» GIVEN MATERIAL:
Content starts

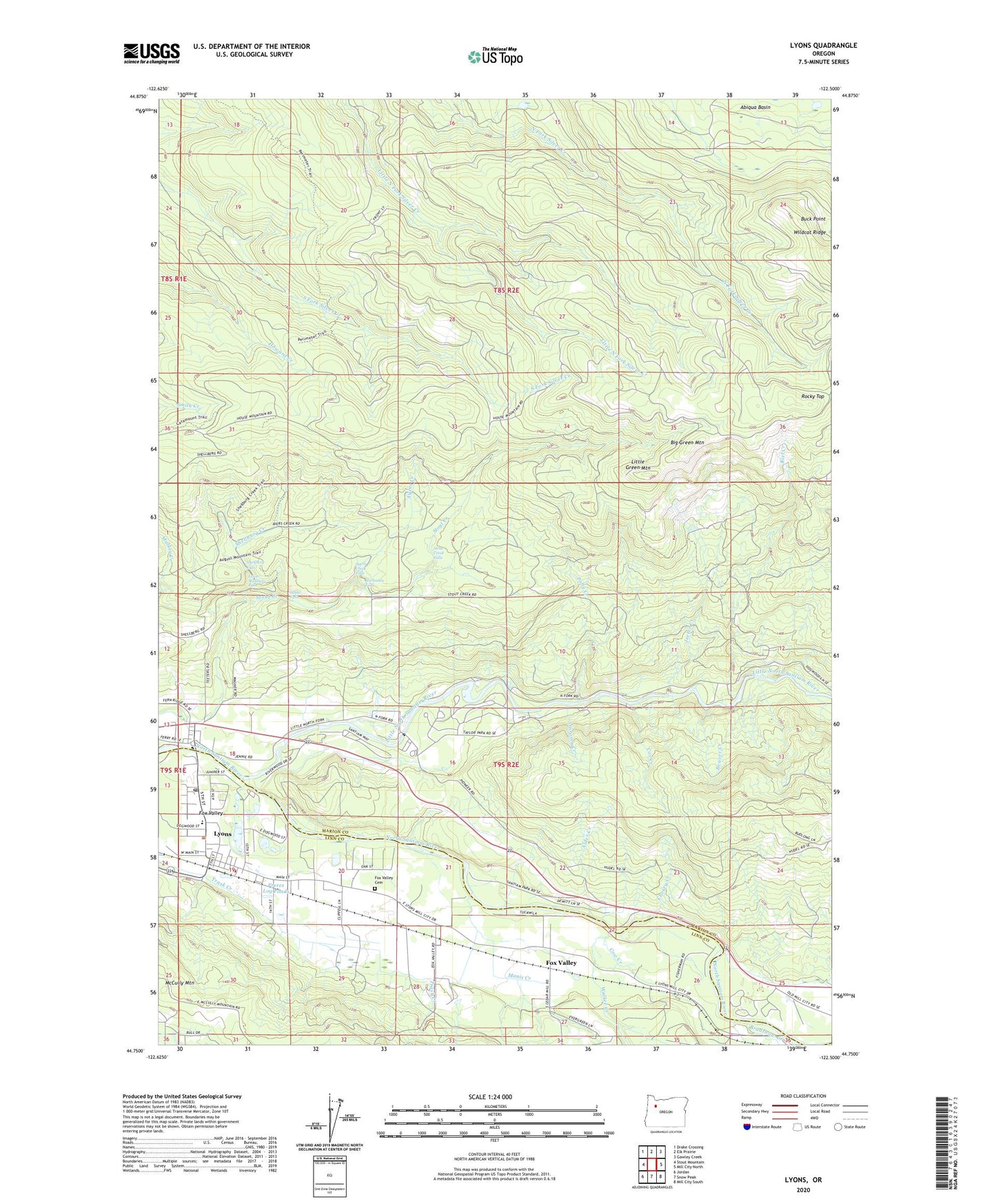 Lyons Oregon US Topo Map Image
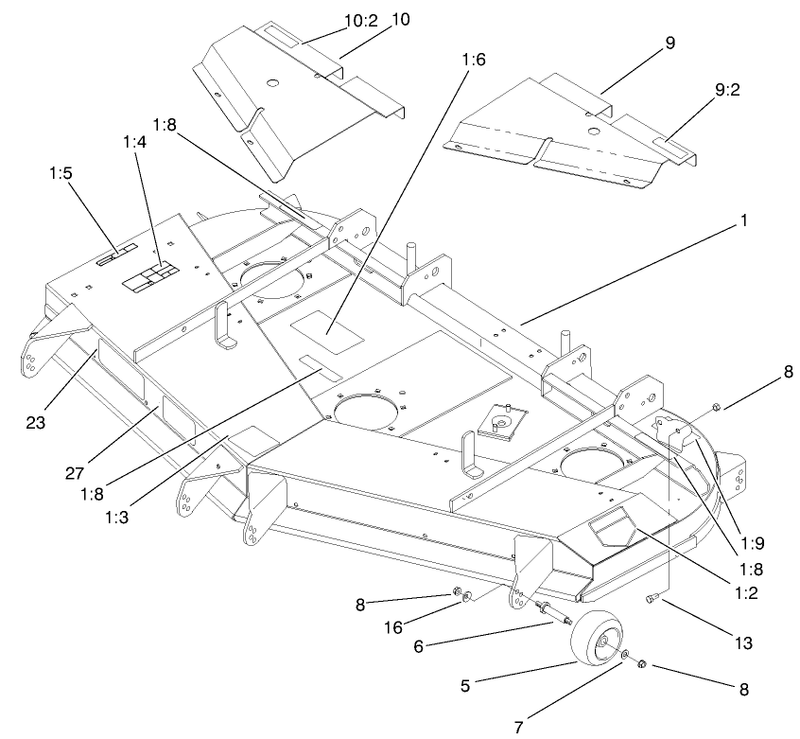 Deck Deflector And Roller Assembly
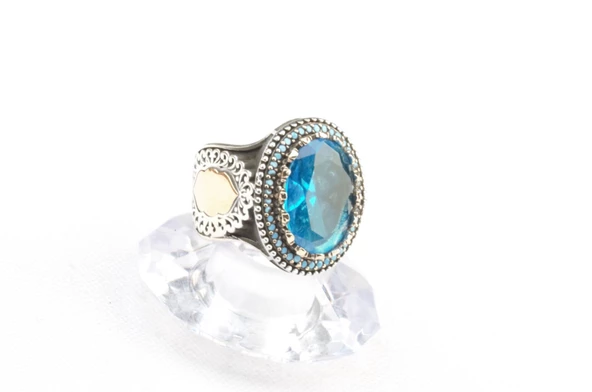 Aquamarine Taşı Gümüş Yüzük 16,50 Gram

Content ends

» WHAT NEEDS TO BE DONE: Give the listing again exactly, but omit each image.

» ANSWER TO THE PROBLEM:
 Lyons Oregon US Topo Map Image
 Deck Deflector And Roller Assembly
 Aquamarine Taşı Gümüş Yüzük 16,50 Gram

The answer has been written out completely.